The funding, through the Victorian Office of Multicultural Affairs, will go towards the significant security strategy, which Rabbi Gersh Lazarow, TBI senior rabbi, told the Premier was “funds we’d rather spend in other ways” but security and safety was paramount.
Andrews, with Labor MP for Southern Metropolitan Region Philip Dalidakis and Jewish Community Council of Victoria president Jennifer Huppert, were given a comprehensive tour by Rabbi Lazarow and TBI president Robert Hershan, during which the rabbi detailed TBI’s rapid expansion as a community hub.
Speaking to The AJN afterwards, Andrews reflected: “The security of Temple Beth Israel and the many thousands of members of the Jewish community who move through this precinct is very important to us.

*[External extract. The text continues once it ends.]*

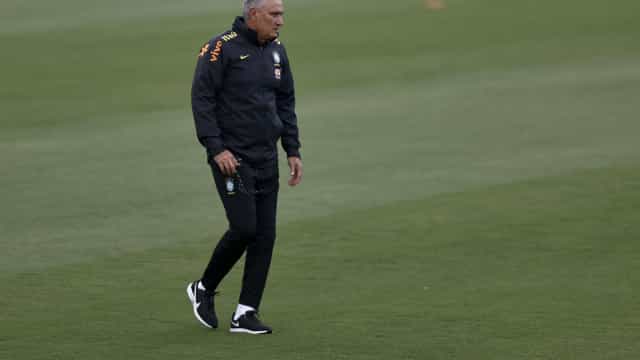 Tite exalta estratégia e destaca talento ‘impressionante’ de atacantes do Brasil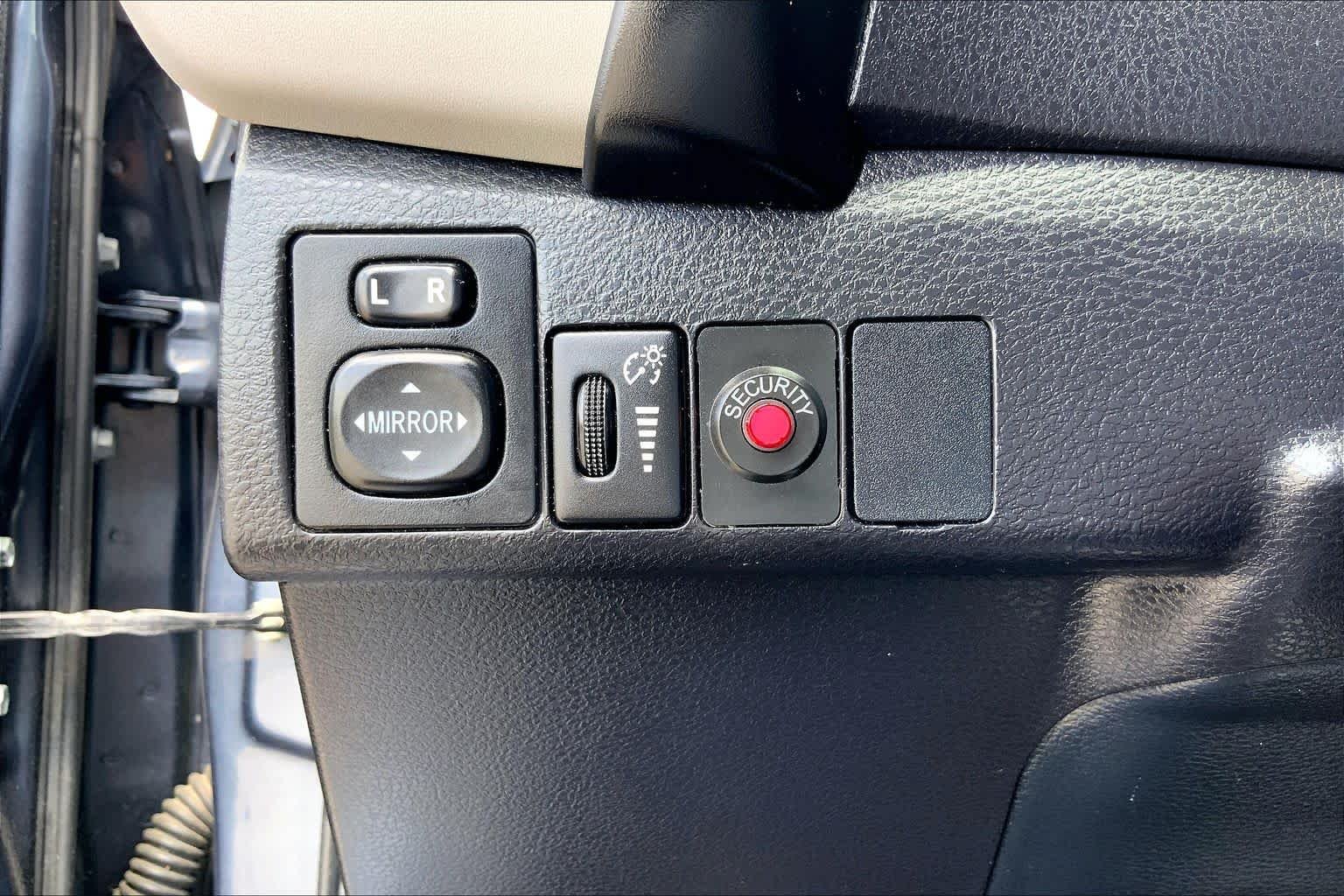 Used 2018 Slate Metallic Toyota LE image 33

“I want to congratulate the rabbi and all of his colleagues … who have advocated very successfully for us to be a partner in this significant security upgrade.
“It will be a really important boost for thousands of people who move through this particular facility.
“We know there are challenges and threats and the security at community facilities, whether they be religious, educational or cultural, has always been a priority for me and my team. We’ve made investments at a number of different sites.
“It’s a very popular place, a very busy place. We know there are challenges both here and indeed overseas, and we need to respond to those appropriately,” he added.
The Premier said the government’s contribution “is not a cost but an investment in a safer Victoria and one that I’m sure will be welcomed by the Jewish community”.
Rabbi Lazarow told The AJN TBI’s growing stature was all the more reason to integrate state-of-the-art security measures into its infrastructure in the present climate of threats to Jewish facilities worldwide, and the total project, on completion, will cost around $900,000, with a significant component coming from congregants’ contributions.
“We’ve been working on a grant application to ensure that we both secure the facility and also can make it a bit more welcoming and accessible, and we put some work over the past 18 months into a significant grant from the Multicultural Community Infrastructure Fund,” he said. “It’s really reassuring that these applications get heard and read.”